The ability to determine whether a pattern of earth movement is building toward a major quake holds obvious potential to save lives. For this reason, Tullis’ project – which centers on the town of Parkfield and for which his simulation tool will be named “Park” – is crucial.

Although Parkfield itself has a population of 18, the Los Angeles-area megalopolis lies a few hundred miles south. The last large earthquake on the southern San Andreas, and one of the greatest every recorded in the United States, occurred in 1857. Its foreshocks are thought to have started in Parkfield. But in 1857, Southern California was less populated and only two people died.

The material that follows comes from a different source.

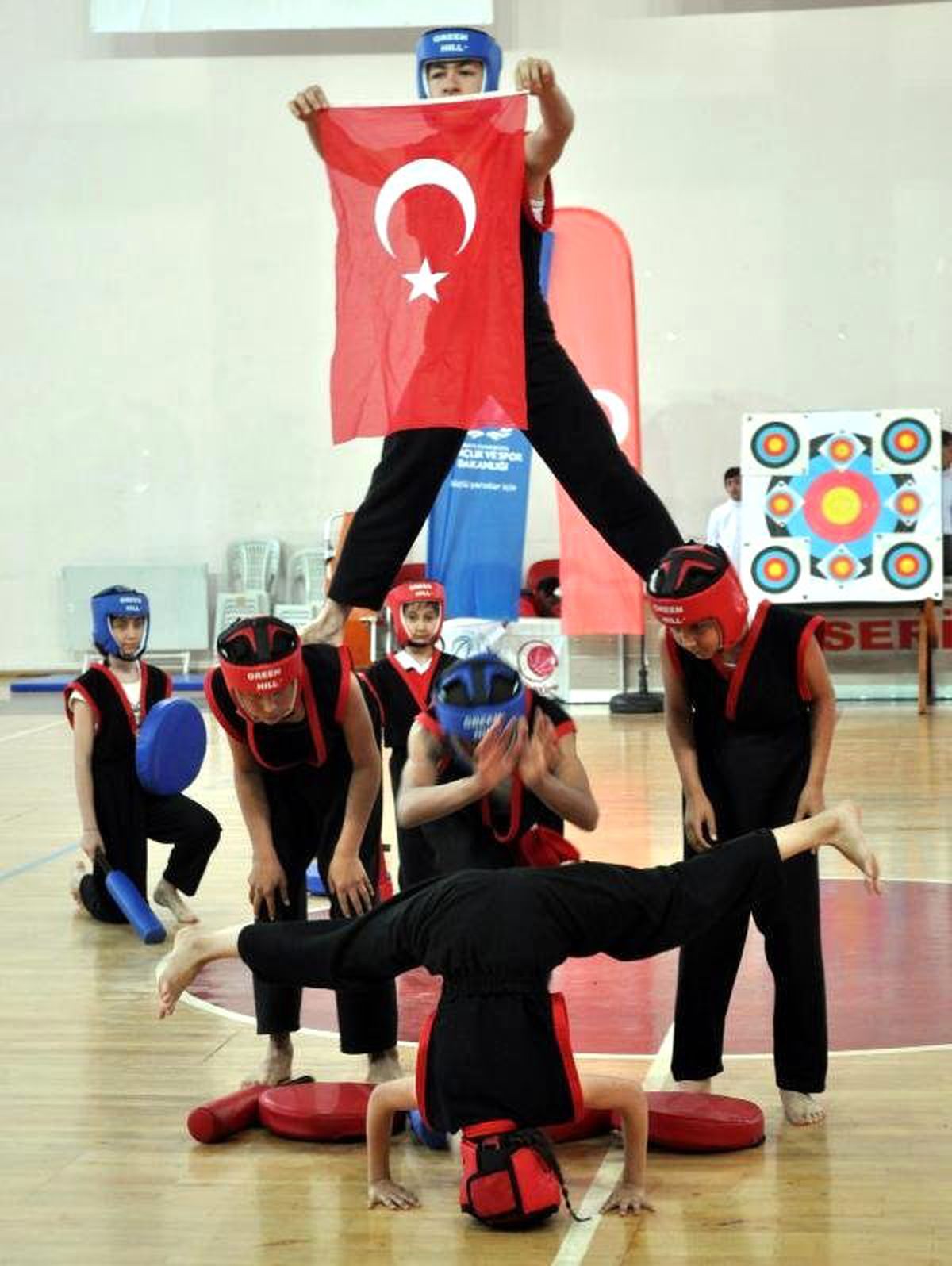 Engelli Gençlerden Ritim Şov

Quakes of a significant magnitude regularly shook Parkfield throughout the past century. All the Parkfield quakes have foreshocks, and experts speculate that one of those might set off a cascading process similar to the 1857 quake. The U.S. Geological Survey has placed an array of instruments in the Parkfield area because of the possibility that a foreshock might be the trigger for the next “Big One,” said Tullis.

“What is it about some of them that allows the small ones to stay small and others to cascade to bigger ones?” asked Tullis. “I’m looking for the patterns of microsesmicity that lead up to it.”

Like the snake oil salesmen of old, there are dubious characters whose earthquake predictions have negative consequences, economic and otherwise. However, said Tullis, “if we could [predict quakes] in a rational way then people could respond in a rational way.”

QuakeSim’s principal investigator, Andrea Donnellan of NASA’s Jet Propulsion Laboratory, said, “New quake models developed under QuakeSim are expected to yield future earthquake forecasts that will be used by a variety of federal and state agencies to develop decision support tools that will help mitigate losses from future large earthquakes.”

Tullis last set foot in Parkfield about a decade ago, yet he will learn about any major happenings on the opposite coast as soon as they occur. He is on a computer list to find out the moment the earth begins moving significantly in Parkfield.

In addition to Tullis’ work on “Park,” the QuakeSim team is working to create two other earthquake simulation tools. The work involves faculty at the Davis and Irvine campuses of the University of California, Indiana University, and the University of Southern California, along with scientists at NASA’s Jet Propulsion Laboratory, Goddard Space Flight Center, and the Ames Research Center.

“The deformation of Earth’s crust and the interaction between quake faults is a complex 3-D process happening on timescales of minutes to thousands of years,” said Donnellan. “Studying it requires sophisticated simulation models and high-performance supercomputers. The availability of space-based data and our current limited understanding of quake processes make this an ideal time to develop a system for studying deformation processes such as tectonics, quakes and volcanoes.”